--- YOUR TASK ---
Every line from the first one in the data below through the line holding "A cozy table" is to be written out exactly, with the pictures omitted.

[Image-text web data]
■ ■ ■
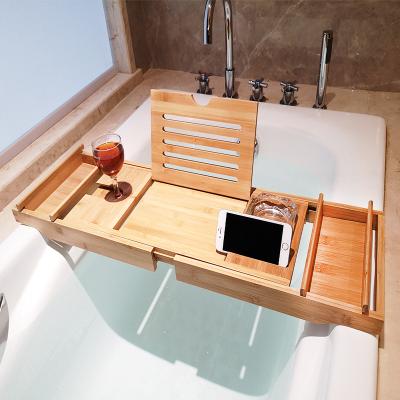 China DJINNS Sustainable Bamboo Wooden Tub Caddy Deck Bath Tray Expandable Diy Rack With Widening Sides for sale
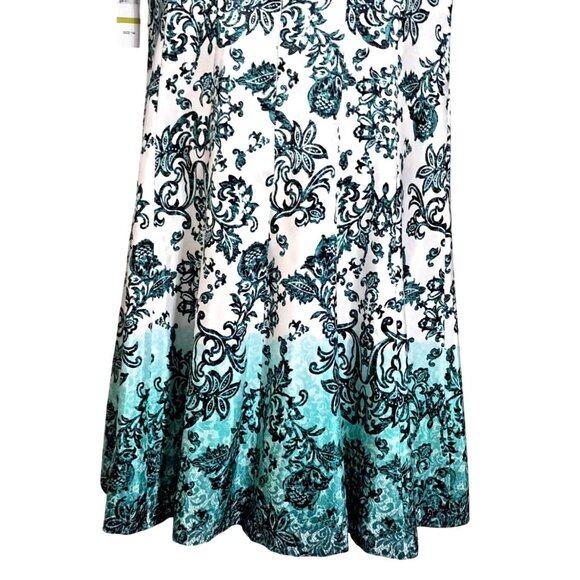Chetta B Dress Womens Size 14 Ombre Aqua Floral Print Sleeveless NWT - Picture 9 of 14
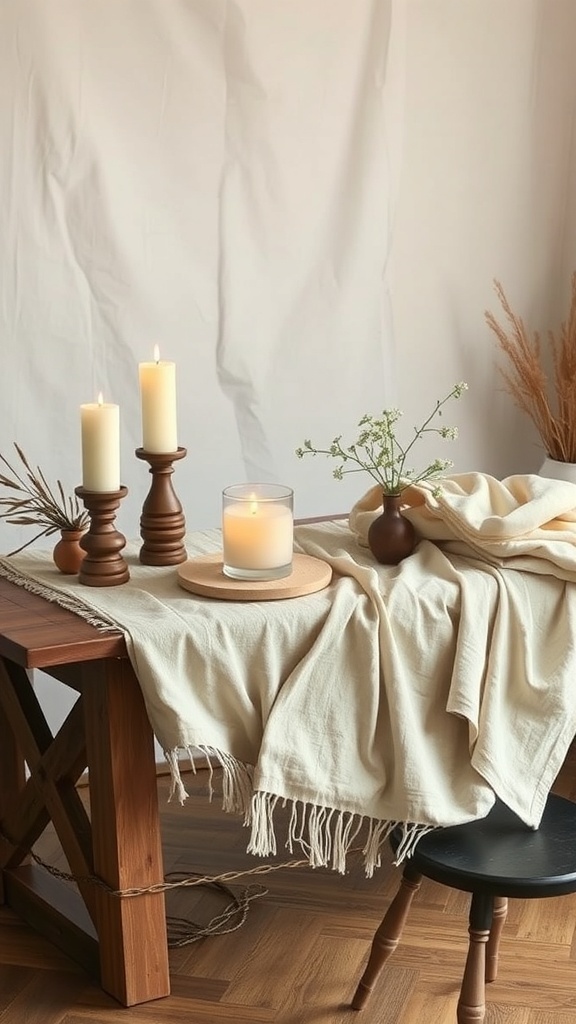 A cozy table setting with candles and neutral tones.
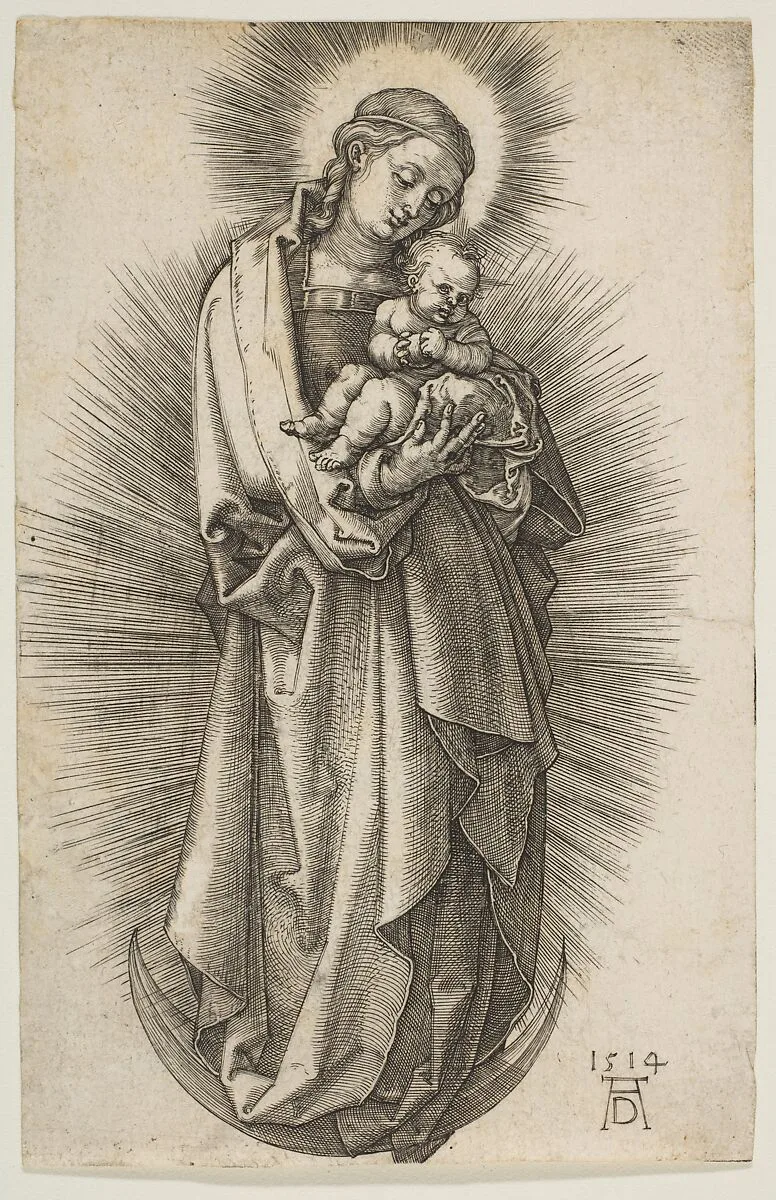 Virgin and Child on the Crescent with a Diadem — Albrecht Dürer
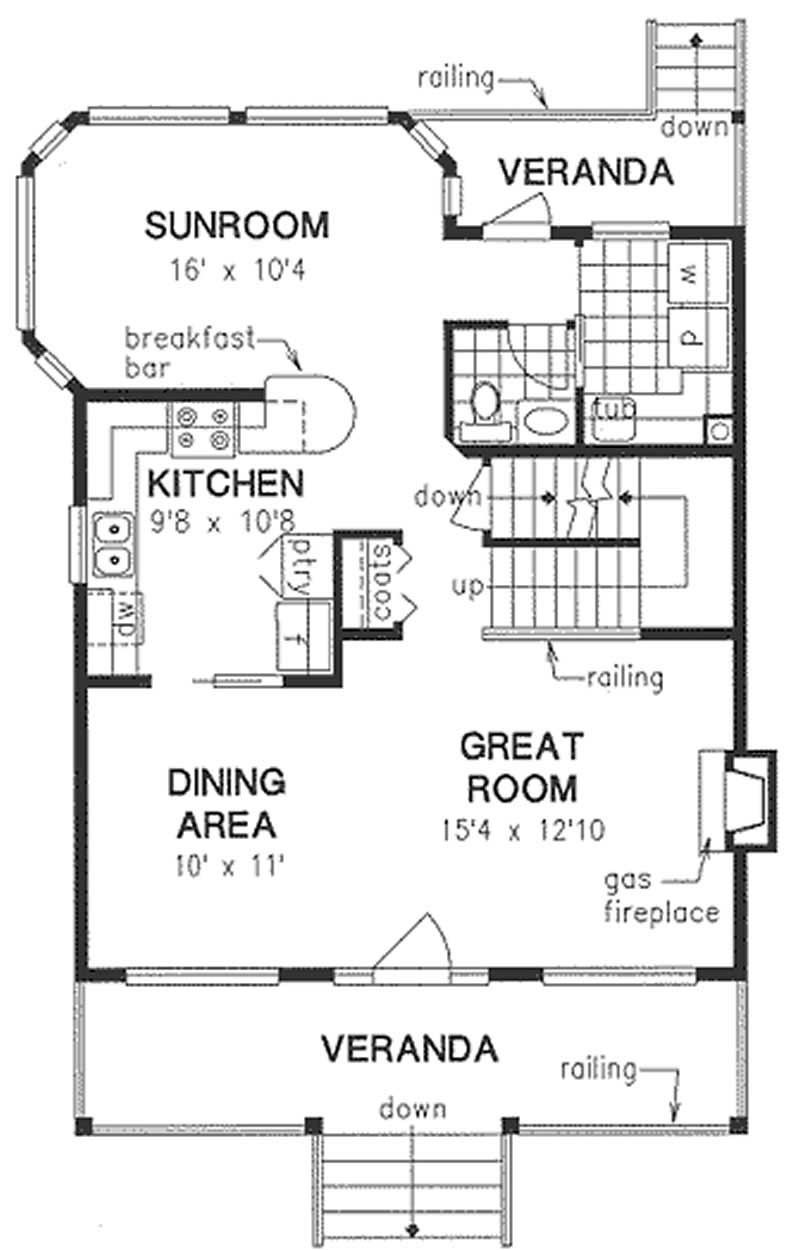 Floor Plan First Story of Country Plan #176-1006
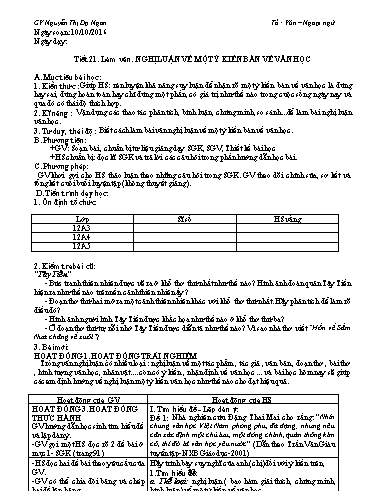 Giáo án Ngữ văn Lớp 12 - Tiết 21, Làm văn: Nghị luận về một ý kiến bàn về văn học - Nguyễn Thị Dạ Ngân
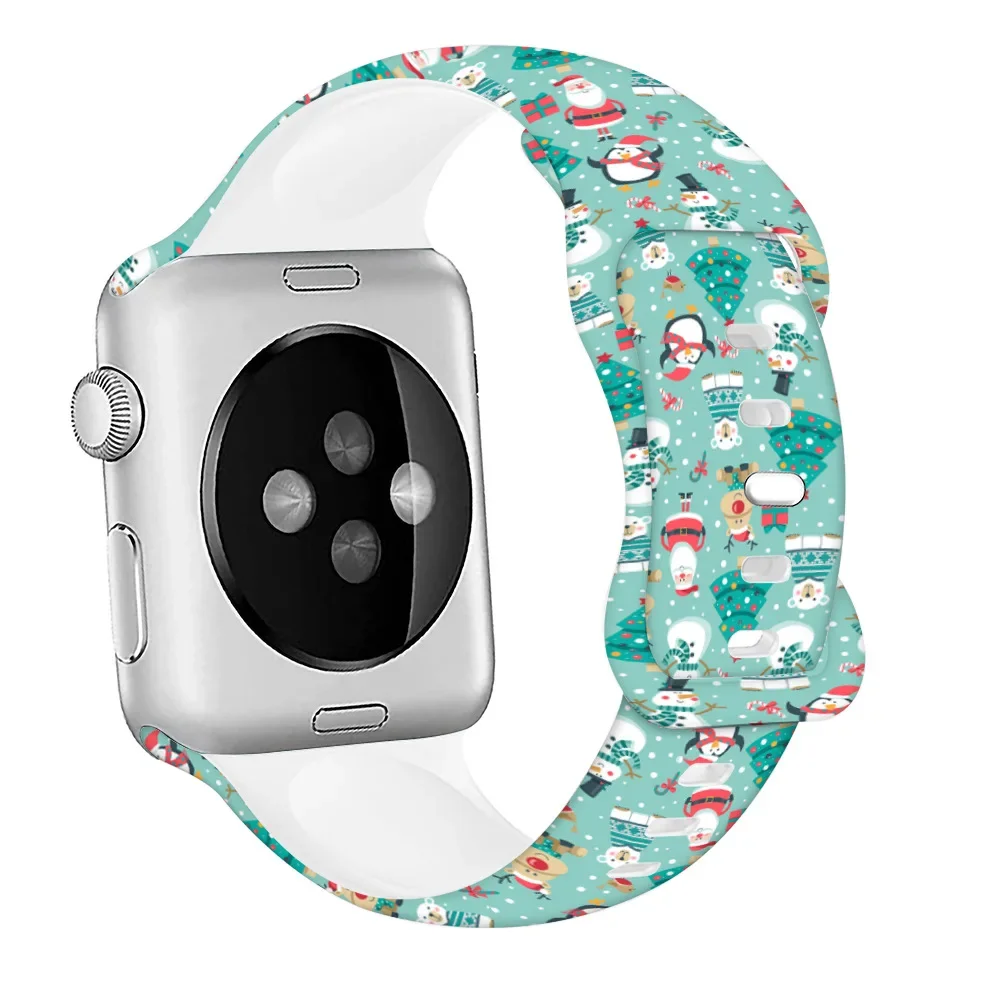 Christmas Silicone Strap for Apple Watch 10 9 8 7 46mm 45mm 41mm Ultra 49mm Bracelet Wristband IWatch 6 5 4 SE 44mm 40mm 42mm
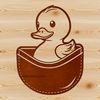 Feathered Friend SVG Design A simple illustration of a duck with feathers and beak, suitable for graphic design and craft projects.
■ ■ ■
--- YOUR SOLUTION ---
 China DJINNS Sustainable Bamboo Wooden Tub Caddy Deck Bath Tray Expandable Diy Rack With Widening Sides for sale
Chetta B Dress Womens Size 14 Ombre Aqua Floral Print Sleeveless NWT - Picture 9 of 14
 A cozy table setting with candles and neutral tones.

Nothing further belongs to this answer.